January 2, 1942
No matter how often the newspaper and radio remind me otherwise, I feel like Dorothy in "The Wizard of Oz." Events seem to have snatched up my little bungalow, whirled it through space and dropped it in a strange country where nothing makes any sense. Even the newsreels show fleets of airplanes surging menacingly through the sky like the Wicked Witch's flying monkeys. At least Stormy the kitten makes a worthy Toto.
But Tojo, Hitler and Mussolini are horrifyingly real, committing atrocities everywhere in the world beyond the most fevered dream of any cartoon villian.
On a frigid, clear New Year's Day I went for a walk along the Alki Beach promenade near my home. I was bundled into so many layers of wool sweaters, stockings, overcoat and scarves that I fear I must have looked like the Michelin Tire and Rubber logo I used to see at filling stations. But it was good to get outside for some air, however cold and salty.

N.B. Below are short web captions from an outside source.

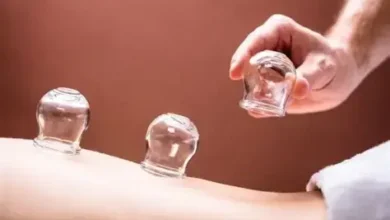 مركز حجامة في جدة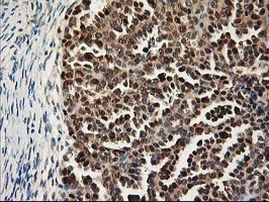 NIF3L1 Antibody in Immunohistochemistry (Paraffin) (IHC (P))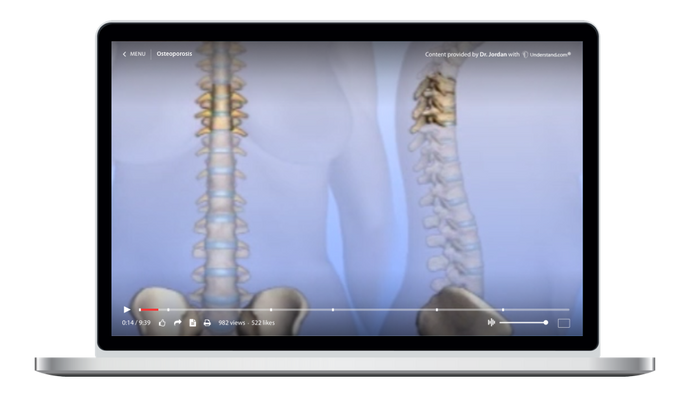 Osteoporosis Animation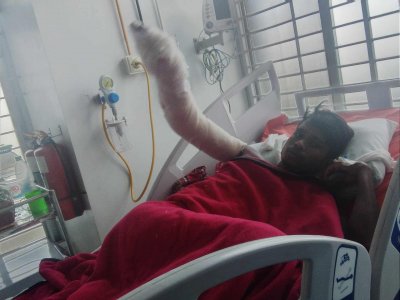 আগুন সন্ত্রাসের কবলে পড়ে বিছানায় কাতরাচ্ছেন পরিবহনশ্রমিকরা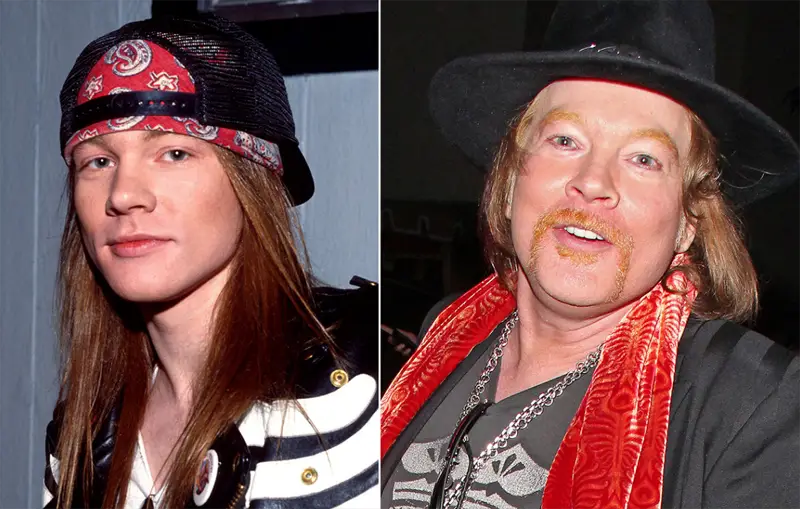 Axl Rose Plastic Surgery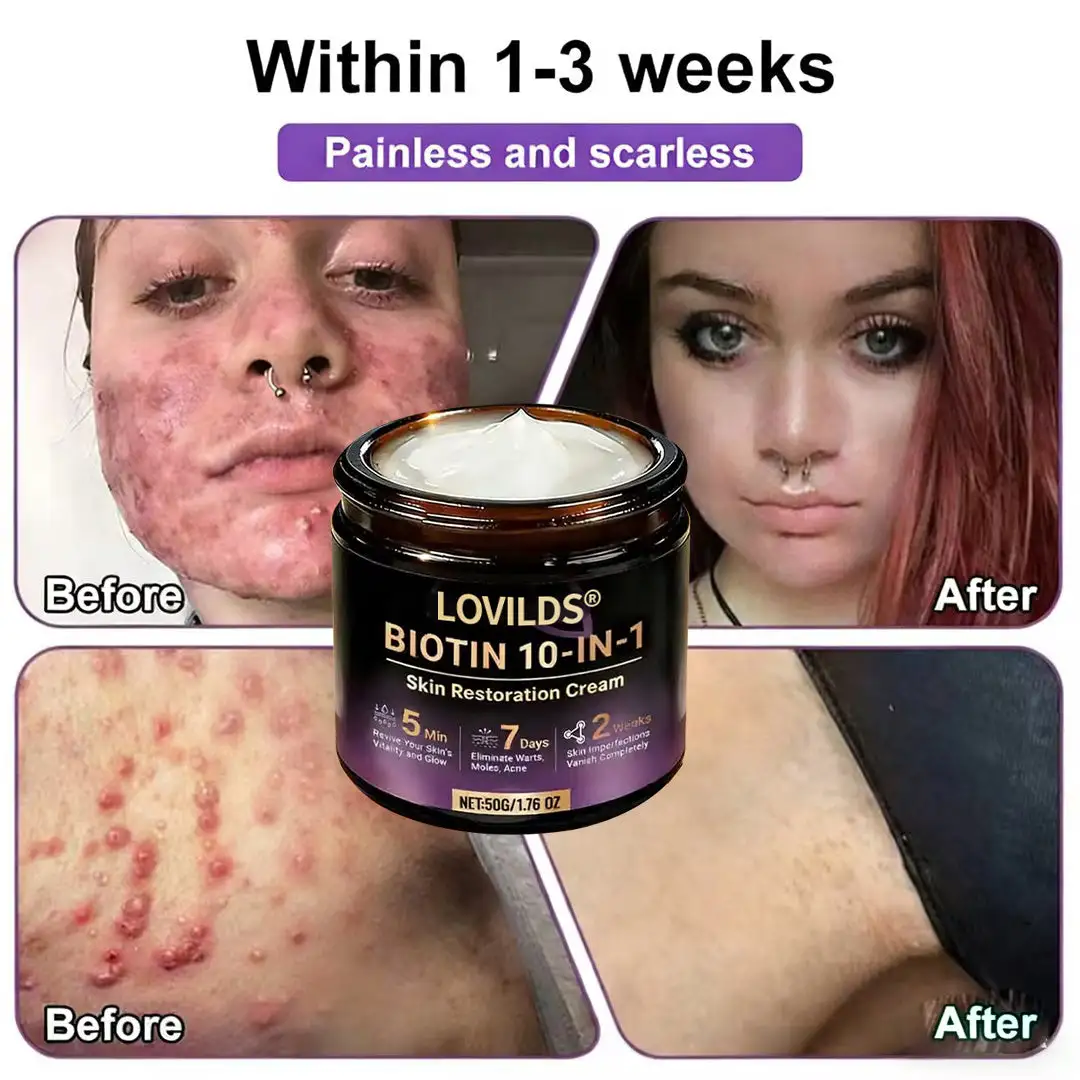 LOVILDS® Biotin 10-in-1 Skin Restoration Cream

On my walk I noticed a series of freshly-applied posters on the telephone poles. They appear to be a sort of "Field Guide to Our Allies," like a birdwatcher's book. I'm most impressed with the "Wide-Hatted Smiling Australian," though I expect sightings of that creature will be rare in Seattle.
Nearer at hand are my friends. We're looking to each other now that the men are gone. Socialite Jane Sullivan's warming up to us "commoners." I suspect her old-guard club pals are giving her the cold shoulder due to whatever mysterious Hollywood event sent her slinking back here after her attempt at film stardom. It's a pity; she needs all help she can get now that her baby brother's dead, her mother's withdrawn, and even their Japanese gardener/handyman has disappeared back to his family in Japantown.
Susan Johnson mentioned something at my New Year's party about going to work for Boeing in the B-17 factory, but I haven't had time to ask her more about it. Jane's mother Ina knew Bill Boeing himself a decade or so ago when he was still closely involved with the company. She says he was a millionaire timber baron who founded the company more or less on a lark twenty-five years ago because he took a fancy to airplanes. Jane told me her mother remembers women working in the Boeing factory from the earliest days; Bill needed seamstresses to sew fabric onto biplane wings. But of course a modern factory is a completely different place. I have heard that the company is desperate for workers because the men, including Betty Wilkins' husband, are joining up. But I can't for the life of me picture quiet little Susan out on that giant factory floor with all those clanging machines!
Speaking of Betty, I'm worried about her. I was jealous at first when she got a letter from Joe, as I haven't heard from Bob yet. But Joe's news was alarming. He hears that when he's done with basic training at Fort Lewis he'll be sent to the Alaska Territory of all places! He's upset to be so far from the action, and Betty hates to think of him in such a godforsaken place. Rumor is that the military is going to build a highway between northern British Columbia and Alaska because of concerns about a possible Japanese invasion of the West Coast. There have been reports of sightings of Japanese ships in the Aleutian Islands, so that is one rumor that seems disturbingly possible. I told Betty that if Joe building that road stops the Japanese from invading our country, he'll have done as great a service with a bulldozer as any man with a rifle. I'm not sure Betty sees it that way, though.